Mientras que esto para mi es algo relativamente claro, es cuando una situación represiva cae sobre una amiga en donde las cosas se complican. Cuba, al ponerse en una posición de legalismo extremo, seguramente manejó la situación con torpeza. Pero con todo, hay que reconocer que Tania no está presa y que parece que puede circular por la Habana por lo menos al punto de visitar a Danilo Maldonado (El Sexto), un artista grafitista que está en la cárcel por “vandalismo”. Pero aparte de esto, en un comentario reciente en Facebook, Deborah, la hermana de Tania, cuenta las dificultades que Tania tuvo para presentar su performance en la bienal de 2009. Tuvo en ese entonces intercambios con las autoridades de la Bienal que aparentemente fueron extremadamente duros, al punto de ser amenazada con represalias. Eso indicaría que su intento de repetir el evento en diciembre del año pasado fue menos ingenuo de lo que pareciera inicialmente, y que las consecuencias de su proyecto eran relativamente previsibles.
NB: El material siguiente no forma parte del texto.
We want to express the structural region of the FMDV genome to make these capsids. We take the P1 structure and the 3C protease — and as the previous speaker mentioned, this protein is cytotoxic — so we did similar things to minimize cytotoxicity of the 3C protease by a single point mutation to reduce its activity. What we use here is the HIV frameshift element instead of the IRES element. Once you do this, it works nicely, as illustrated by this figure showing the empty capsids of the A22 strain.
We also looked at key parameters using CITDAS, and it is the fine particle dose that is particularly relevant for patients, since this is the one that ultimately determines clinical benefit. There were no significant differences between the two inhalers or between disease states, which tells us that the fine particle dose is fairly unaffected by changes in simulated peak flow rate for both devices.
Esto nos presenta otra serie de problemas, que se refieren a cuánto poder tenemos como artistas individuales, dónde está el límite entre una causa política colectiva y un martirio individual, y cuál es la diferencia entre la elección del martirio y el uso de un individuo como símbolo político. Desafortunadamente no hay categorías nítidas en esto. Como artistas somos bufones de la corte, destinados a una función doble y contradictoria de desafío y de servicio. Enfocado exageradamente en la individualidad y mal administrado, esto nos lleva a ejercer el desafío en puntos estratégicamente inútiles, y a servir causas que no necesariamente queremos servir.
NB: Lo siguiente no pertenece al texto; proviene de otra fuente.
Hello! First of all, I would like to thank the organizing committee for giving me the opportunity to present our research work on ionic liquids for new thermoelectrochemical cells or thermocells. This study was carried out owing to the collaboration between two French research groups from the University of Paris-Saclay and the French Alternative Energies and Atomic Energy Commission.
En un paso brillante, Tania ahora, desde su casa, está organizando un seminario de estudios del código penal cubano para analizar el contexto de su caso y el de otros. Quizás sea esta nueva “performance” de Tania la que le de una clara espina dorsal colectiva a su obra y la saque del marasmo de egos que estuvo generando y que diluyeron lo que pienso que seguramente era su verdadera intención.